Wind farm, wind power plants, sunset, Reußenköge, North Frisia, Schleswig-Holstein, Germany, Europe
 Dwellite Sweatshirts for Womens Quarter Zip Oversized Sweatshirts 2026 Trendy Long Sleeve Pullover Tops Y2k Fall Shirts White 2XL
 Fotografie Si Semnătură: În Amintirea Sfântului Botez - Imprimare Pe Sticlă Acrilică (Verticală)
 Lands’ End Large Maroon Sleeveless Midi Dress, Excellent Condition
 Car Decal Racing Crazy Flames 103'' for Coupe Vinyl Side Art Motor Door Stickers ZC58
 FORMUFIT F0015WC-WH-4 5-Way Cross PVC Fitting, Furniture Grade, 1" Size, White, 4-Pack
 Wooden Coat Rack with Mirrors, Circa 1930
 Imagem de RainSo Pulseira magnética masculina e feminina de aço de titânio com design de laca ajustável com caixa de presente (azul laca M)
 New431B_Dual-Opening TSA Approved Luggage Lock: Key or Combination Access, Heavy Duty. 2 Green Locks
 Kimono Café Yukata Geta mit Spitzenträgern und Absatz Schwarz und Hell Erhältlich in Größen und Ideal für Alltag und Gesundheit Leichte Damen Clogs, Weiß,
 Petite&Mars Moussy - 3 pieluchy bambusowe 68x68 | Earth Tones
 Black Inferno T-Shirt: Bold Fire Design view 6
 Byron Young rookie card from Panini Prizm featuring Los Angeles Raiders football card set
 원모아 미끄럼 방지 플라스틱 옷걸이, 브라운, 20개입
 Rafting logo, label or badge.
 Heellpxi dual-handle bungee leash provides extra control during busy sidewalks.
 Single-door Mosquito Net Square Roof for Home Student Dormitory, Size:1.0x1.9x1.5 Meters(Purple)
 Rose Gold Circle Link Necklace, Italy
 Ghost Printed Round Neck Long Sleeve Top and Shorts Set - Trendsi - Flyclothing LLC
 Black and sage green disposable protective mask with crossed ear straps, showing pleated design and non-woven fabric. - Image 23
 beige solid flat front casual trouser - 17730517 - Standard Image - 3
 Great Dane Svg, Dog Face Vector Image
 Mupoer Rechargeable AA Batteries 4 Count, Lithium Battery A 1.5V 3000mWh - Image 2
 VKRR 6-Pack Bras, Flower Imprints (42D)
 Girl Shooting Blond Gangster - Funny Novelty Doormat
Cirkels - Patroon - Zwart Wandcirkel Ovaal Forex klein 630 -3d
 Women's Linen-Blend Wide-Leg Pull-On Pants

## Exercise instructions
Look back at the entries above. Retype the line with "Imagem de RainSo", the line with "Ghost Printed Round", and all lines in between.

## Answer for the task
 Imagem de RainSo Pulseira magnética masculina e feminina de aço de titânio com design de laca ajustável com caixa de presente (azul laca M)
 New431B_Dual-Opening TSA Approved Luggage Lock: Key or Combination Access, Heavy Duty. 2 Green Locks
 Kimono Café Yukata Geta mit Spitzenträgern und Absatz Schwarz und Hell Erhältlich in Größen und Ideal für Alltag und Gesundheit Leichte Damen Clogs, Weiß,
 Petite&Mars Moussy - 3 pieluchy bambusowe 68x68 | Earth Tones
 Black Inferno T-Shirt: Bold Fire Design view 6
 Byron Young rookie card from Panini Prizm featuring Los Angeles Raiders football card set
 원모아 미끄럼 방지 플라스틱 옷걸이, 브라운, 20개입
 Rafting logo, label or badge.
 Heellpxi dual-handle bungee leash provides extra control during busy sidewalks.
 Single-door Mosquito Net Square Roof for Home Student Dormitory, Size:1.0x1.9x1.5 Meters(Purple)
 Rose Gold Circle Link Necklace, Italy
 Ghost Printed Round Neck Long Sleeve Top and Shorts Set - Trendsi - Flyclothing LLC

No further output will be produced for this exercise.